Vous avez entendu parler de Globke ?
Non ?
En 1949, le juriste Hans Maria Globke a fait son entrée à la
nouvelle chancellerie allemande dans le sillage de Konrad Adenauer dont il est
rapidement devenu l’éminence grise. Il occupait un bureau voisin du sien. Tout
ce qui était important passait par lui. Chef de la chancellerie fédérale de
1953 à 1963, catholique fervent comme Adenauer, il était son plus proche
collaborateur, le serviteur dévoué et discret chargé des dossiers les plus
délicats, des affaires réservées, de la surveillance de la CDU, des enveloppes
de billets à recevoir ou à distribuer, et
des rapports avec les services secrets américains. Ces derniers le connaissaient
bien, puisque Globke était entré en 1929 au ministère de l’intérieur d’Allemagne
comme juriste. Il a été le rédacteur des ordonnances raciales de 1936, le
spécialiste des critères permettant de dire qui était juif et qui ne l’était pas.
Son manuel juridique spécialisé qui a fait autorité pendant toute la période
nazie était un mode d’emploi déterminant
le droit de vie ou de mort.
Jürgen Bevers et Bernhard Pfletschinger, ont réalisé un
documentaire qui raconte le destin de cet homme « très souple », adaptable.

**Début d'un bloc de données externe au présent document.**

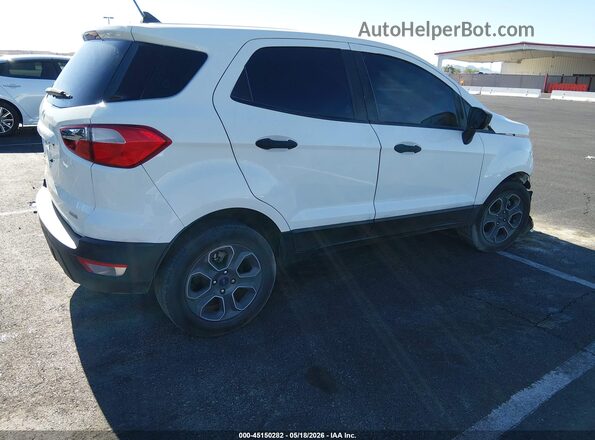 MAJ3S2FEXLC383735 2020 FORD ECOSPORT White Задня права чверть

Il fallait quand même un certain savoir-faire pour transposer toutes ces horreurs
dans un contexte juridique, et c’était la spécialité de Globke qui a su
également se montrer irremplaçable auprès d’Adenauer et de la CIA, qui l’ont
protégé à plusieurs reprises, faisant disparaître des documents, empêchant en
particulier que son nom ne soit prononcé au procès d’Adolf Eichmann à
Jérusalem. Eichmann avait pourtant écrit en prison quarante feuillets
impliquant directement Globke. Il ne comprenait pas pourquoi il était condamné
à mort alors que Globke, un autre artisan de la solution finale était devenu un
des personnages les plus importants de la nouvelle Allemagne.
En 1963, Adenauer et Globke sont partis à la retraite en
même temps. Ces deux hommes ont
travaillé ensemble plusieurs heures par jour pendant plus de dix ans. Globke
souhaitait finir sa vie en Suisse, mais les autorités helvétiques n’ont pas
voulu de lui à cause du fameux manuel.